- Original Italian cinematic poster
- Directed by: Matt Askem
- Based on: The 2nd Law World Tour by Muse
- Produced by: Muse
- Starring: Matthew Bellamy Dominic Howard Christopher Wolstenholme Morgan Nicholls
- Music by: Muse
- Distributed by: Warner Bros., Helium 3
- Release date: 5 November 2013;
- Running time: 96 minutes
- Country: United Kingdom
- Language: English

= Live at Rome Olympic Stadium =

Live at Rome Olympic Stadium is a live album and video by English rock band Muse, which was released on 29 November 2013 in CD/DVD formats. On 5 November 2013, the film received theatrical screenings in 20 cities worldwide, and the next day it was screened for one night only in 40 other territories. The album contains the band's performance in Italy at Rome's Stadio Olimpico on 6 July 2013, in front of a crowd of 60,963 people. The concert was a part of The Unsustainable Tour, which is a moniker for the band's summer 2013 European leg of The 2nd Law World Tour.

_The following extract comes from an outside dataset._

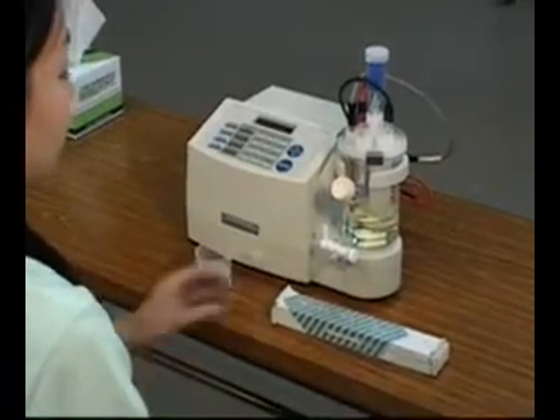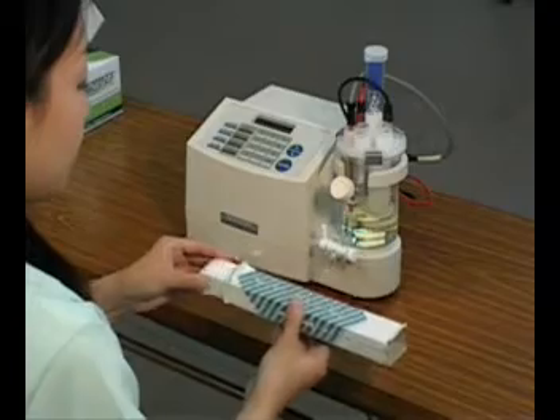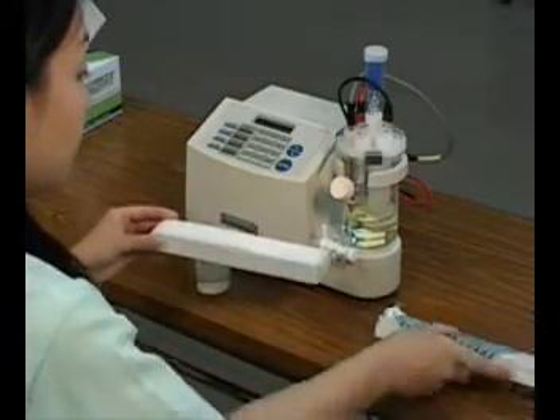To perform this test, please prepare the supplied microsyringe and a cup of deionized water.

==Filming and production==
The cameras which brought the concert to screen were sixteen Sony PMW-F55 CineAlta 4K cameras, and with a variety of cinema lenses, including 5 Angenieux 24/290s, an Elite 120/520, a number of Optimo 14/52's and with Fujinon 19–90 Cabrio and 85–300 Cabrio.
Furthermore, a crane, a Towercam, various hotheads and a Spidercam were used. All images were recorded in HD and 4K on three terabyte hard drives. Alongside video, 120 lines of multi-track audio were recorded, all redundant.
The result of all of this was 4 sets with material, 2 main sets and 2 back-up sets.

The show was directed by Matt Askem (with whom the band worked on two previous videos, Hullabaloo: Live at Le Zenith, Paris and HAARP), and produced by Serpent Productions.

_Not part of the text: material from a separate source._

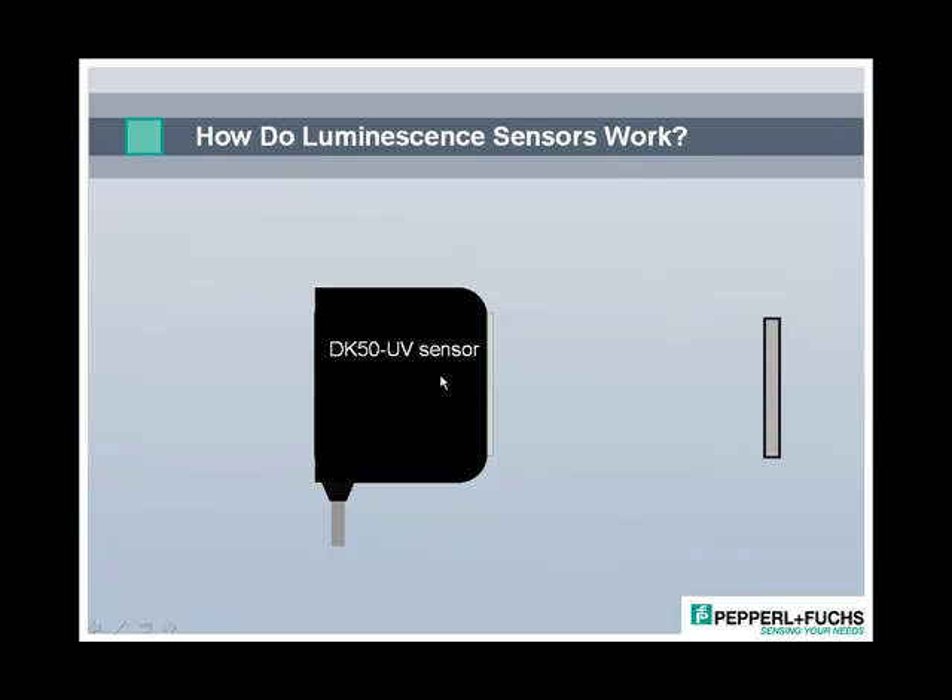We're looking at the Pepperl+Fuchs DK50 UV luminescence sensor. Its optical window is facing to the right side, and on the left side of the screen we see the sensor's output LED, which is actually in the back of the sensor housing.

Additional songs that were performed on the night but omitted on the album were; "Map of the Problematique", "Dracula Mountain", "Liquid State", "Stockholm Syndrome", "Unintended" and "Blackout". In addition, "The 2nd Law: Isolated System" was shortened on the release.

==Release==
The album was released on 29 November 2013 in the CD/DVD and CD/Blu-ray formats.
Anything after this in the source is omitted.